DIRECTIONS »
The required output is the exact run of lines in the listing below from the line holding "Beretta Victory Corporate T-Shirt White" through the line holding "Used 2023 RAM 1500 Laramie RWD image 17", with no pictures.

DATASET EXTRACT »
◆ ◆ ◆ ◆ ◆ ◆ ◆
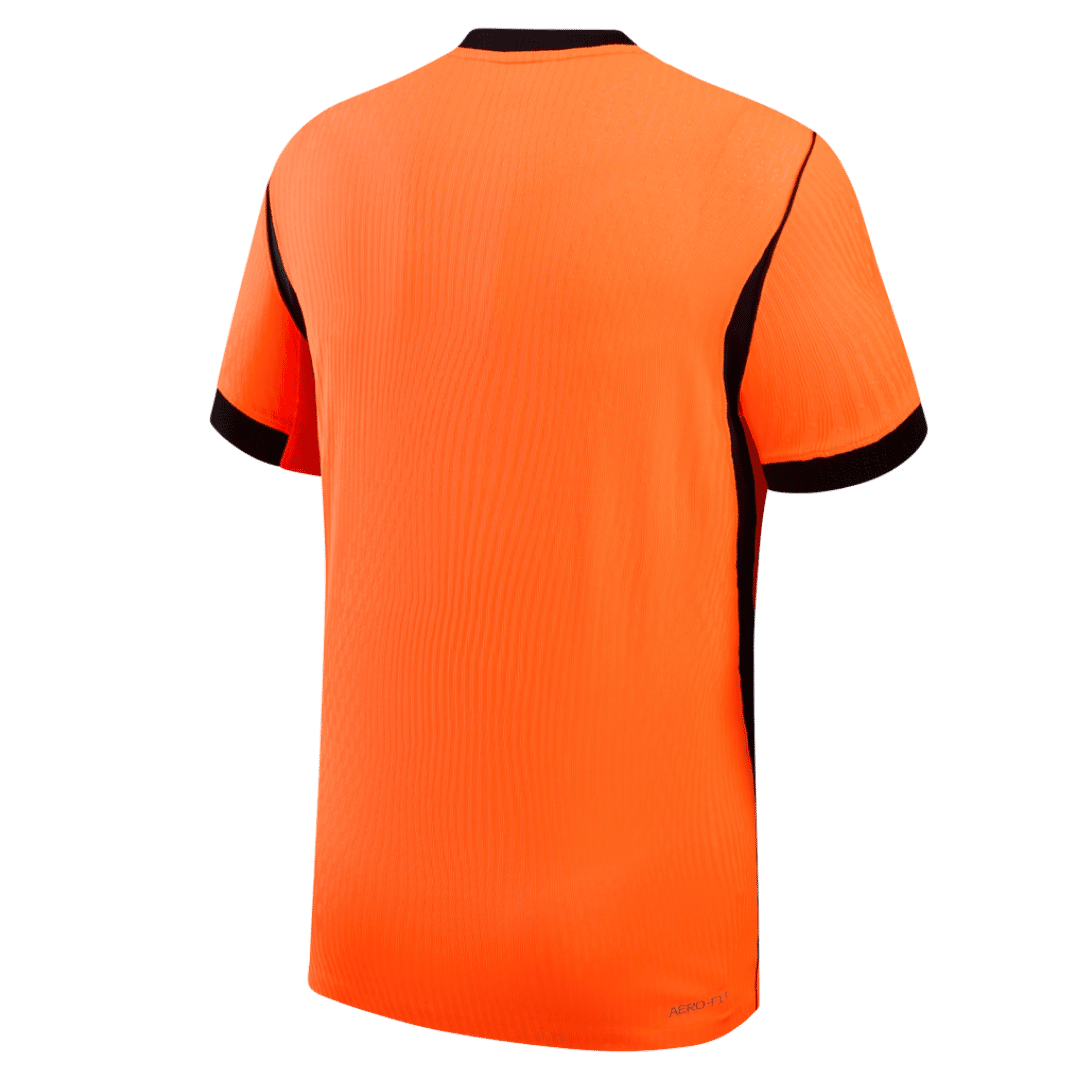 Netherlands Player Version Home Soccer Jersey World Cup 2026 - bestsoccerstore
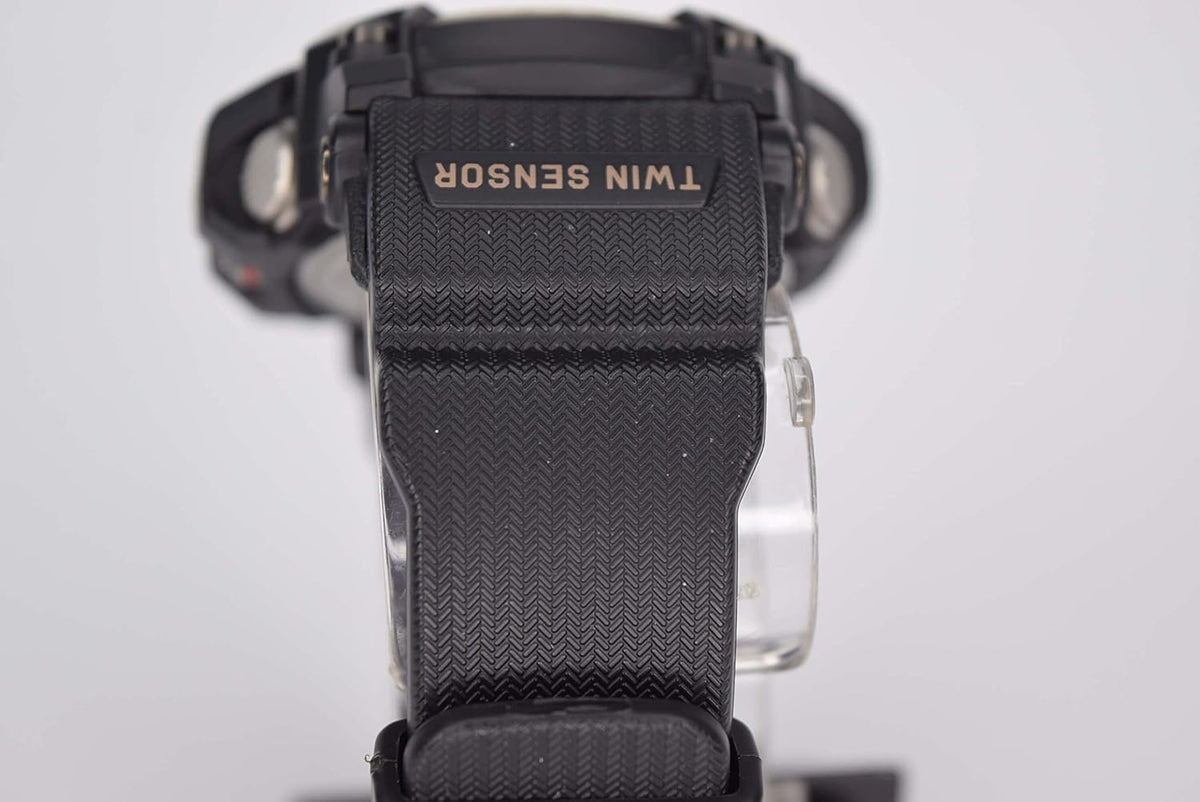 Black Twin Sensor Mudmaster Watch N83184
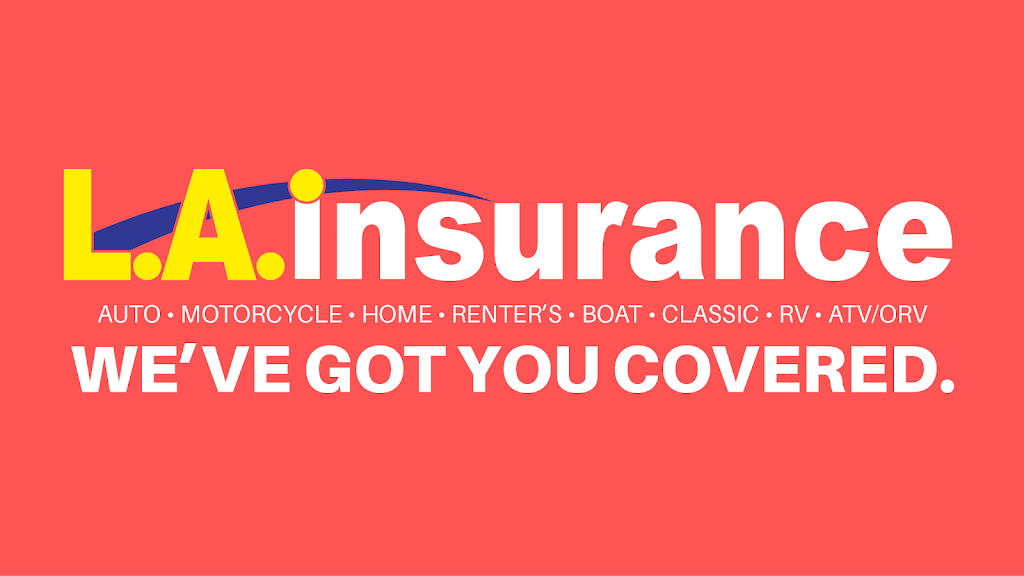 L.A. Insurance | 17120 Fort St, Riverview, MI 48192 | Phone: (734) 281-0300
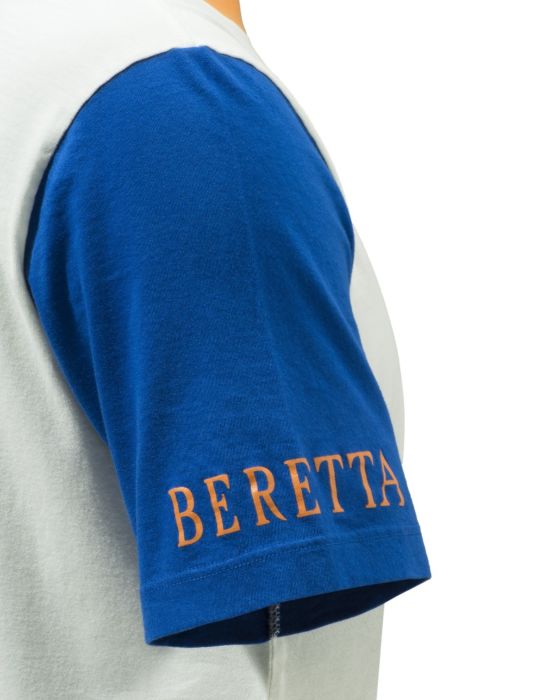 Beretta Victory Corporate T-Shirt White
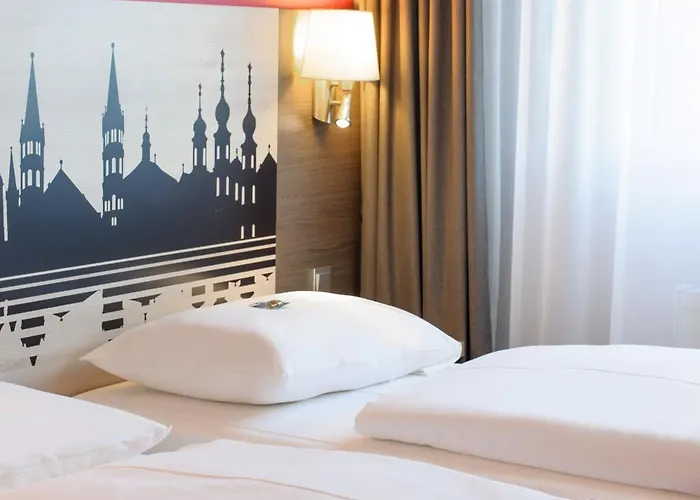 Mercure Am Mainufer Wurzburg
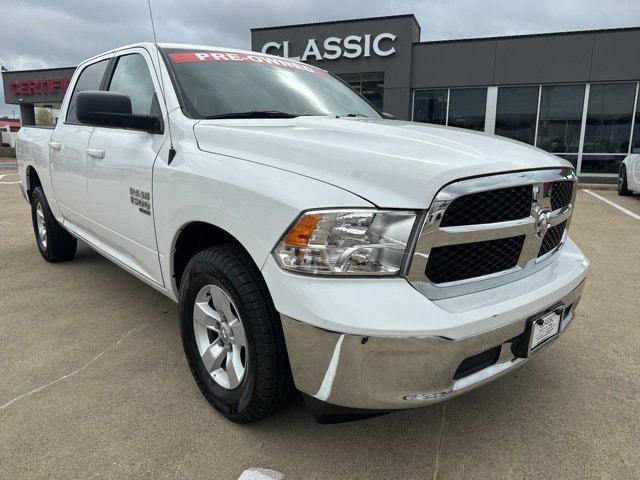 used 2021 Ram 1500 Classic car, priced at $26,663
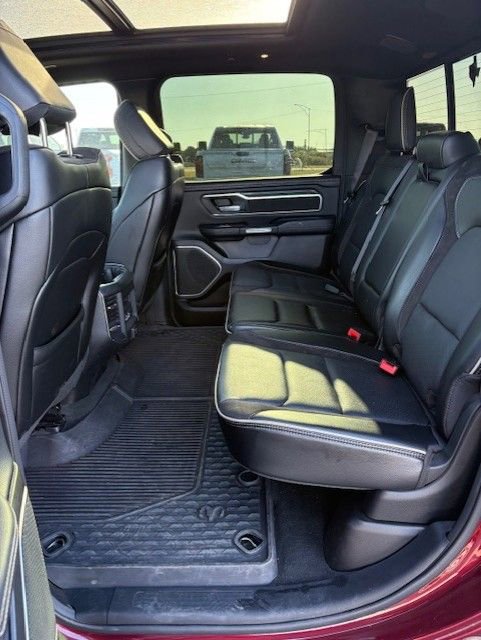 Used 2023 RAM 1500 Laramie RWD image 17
◆ ◆ ◆ ◆ ◆ ◆ ◆
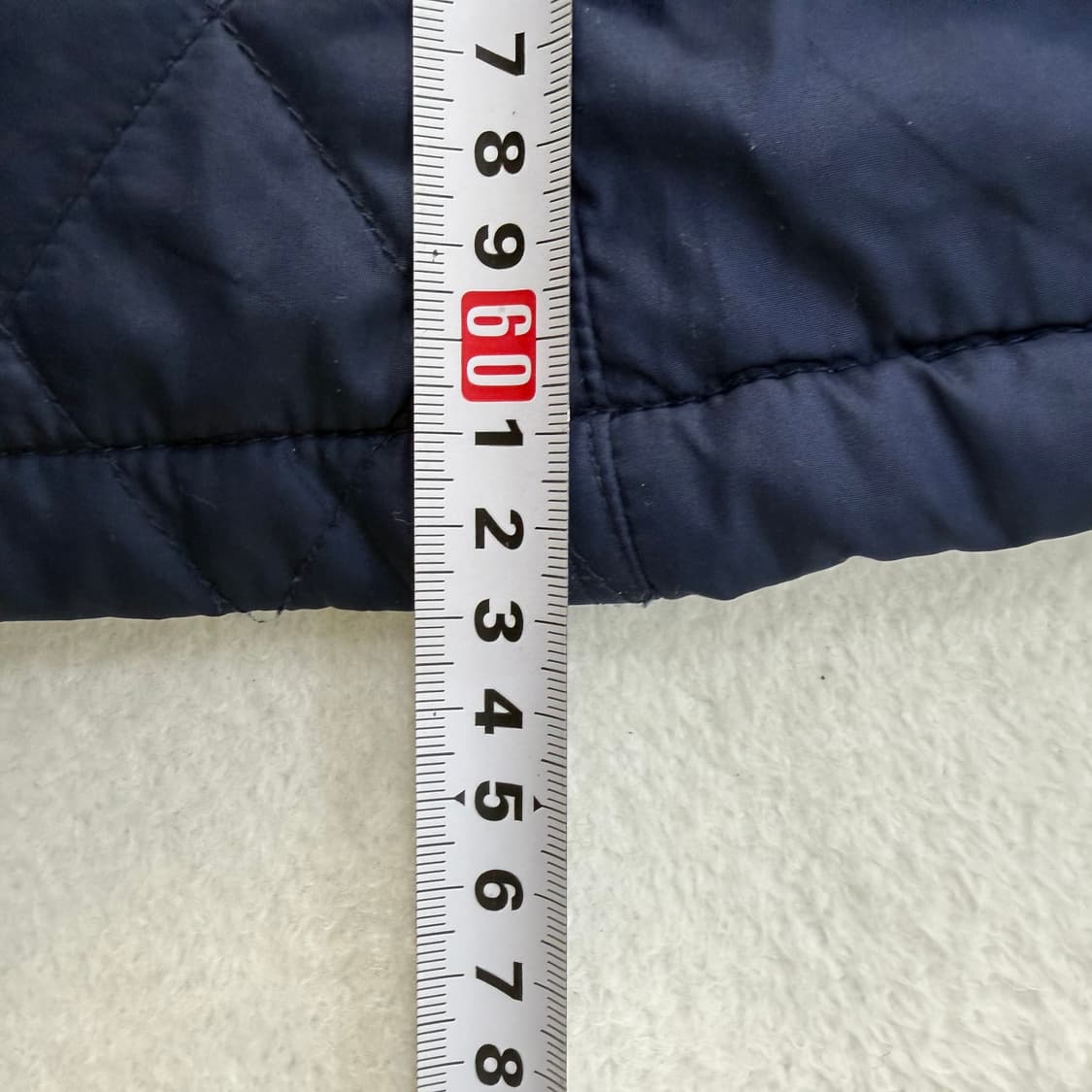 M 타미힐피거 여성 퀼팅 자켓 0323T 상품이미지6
◆ ◆ ◆ ◆ ◆ ◆ ◆
ANSWER TO THIS EXERCISE »
 Beretta Victory Corporate T-Shirt White
 Mercure Am Mainufer Wurzburg
 used 2021 Ram 1500 Classic car, priced at $26,663
 Used 2023 RAM 1500 Laramie RWD image 17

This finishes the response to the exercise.